Dalam Pasal 2 ayat (2) huruf c UUPA ditegaskan bahwa kewenangan penuh untuk mengatur hubungan hukum antara individu maupun perbuatan hukum yang menyangkut tanah berada di tangan negara.
Oleh karena itu, para pihak yang terlibat dalam hubungan hukum mengenai tanah tidak memiliki hak untuk membentuk atau menentukan sendiri bentuk hubungan atau perbuatan hukum yang melibatkan tanah sebagai objeknya.

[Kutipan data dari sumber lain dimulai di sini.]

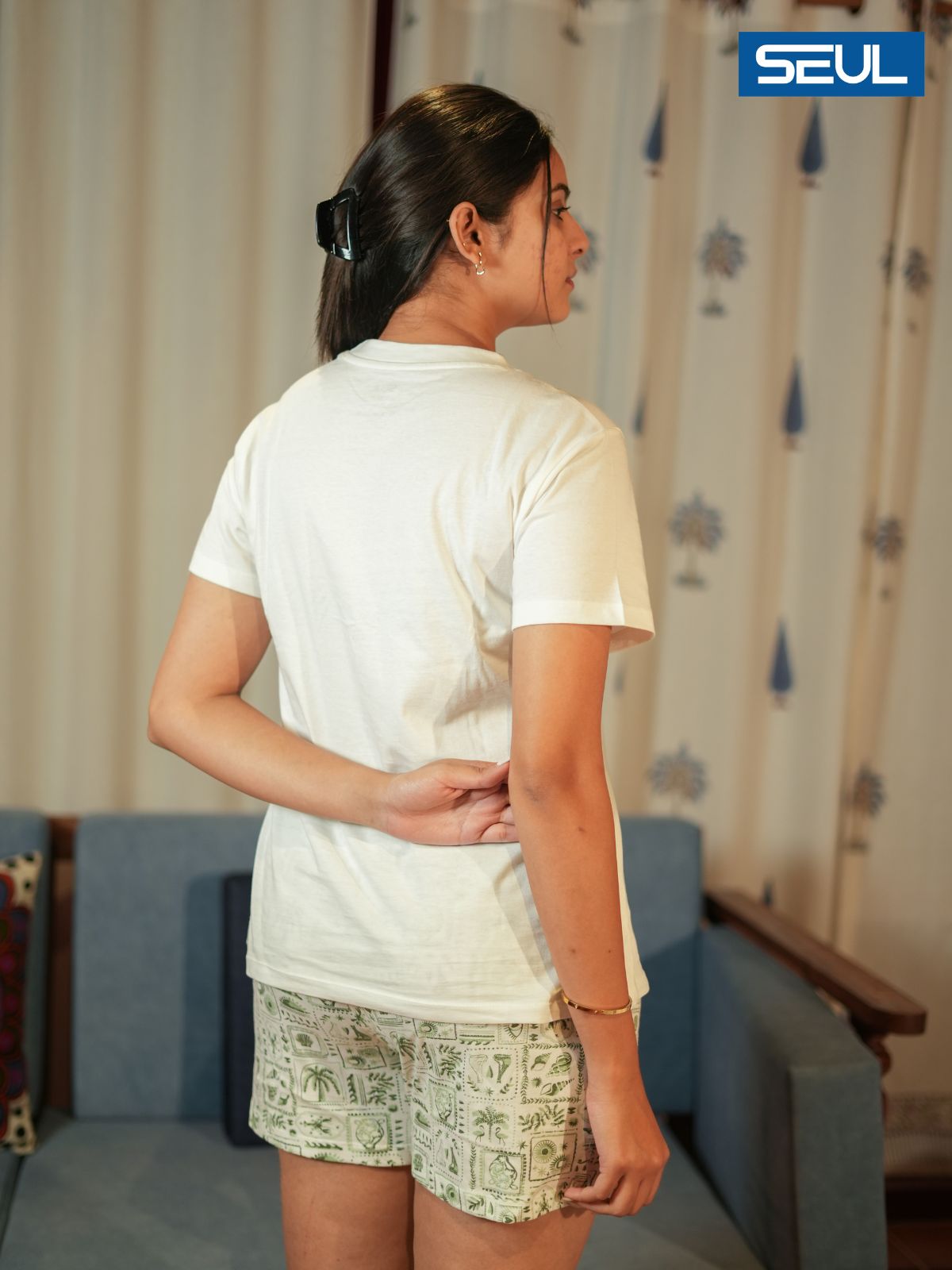 Women's T-shirt & Shorts Set (Green AOP)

Negara telah menetapkan bentuk-bentuk sah dari hubungan atau perbuatan hukum terkait tanah, antara lain perjanjian jual beli (termasuk lelang), perjanjian tukar-menukar, hibah, serta penyertaan tanah sebagai modal (inbreng) dalam suatu badan usaha.
Artinya, peralihan hak atas tanah hanya dapat dilakukan melalui bentuk-bentuk hubungan hukum tersebut sesuai dengan prosedur yang telah ditentukan. Dengan demikian, penggunaan bentuk hubungan hukum lain yang tidak diatur oleh negara termasuk Perjanjian Pemberian Kuasa Mutlak yang dimaksudkan untuk mengalihkan hak atas tanah tidak diperbolehkan dan tidak memiliki kekuatan hukum.
Dalam praktik jual beli tanah di Indonesia, penggunaan surat kuasa mutlak masih sering ditemui sebagai alat peralihan hak. Namun demikian, pengadilan telah berkali-kali menyatakan bahwa pemanfaatan surat kuasa mutlak dalam transaksi tersebut tidak sah secara hukum.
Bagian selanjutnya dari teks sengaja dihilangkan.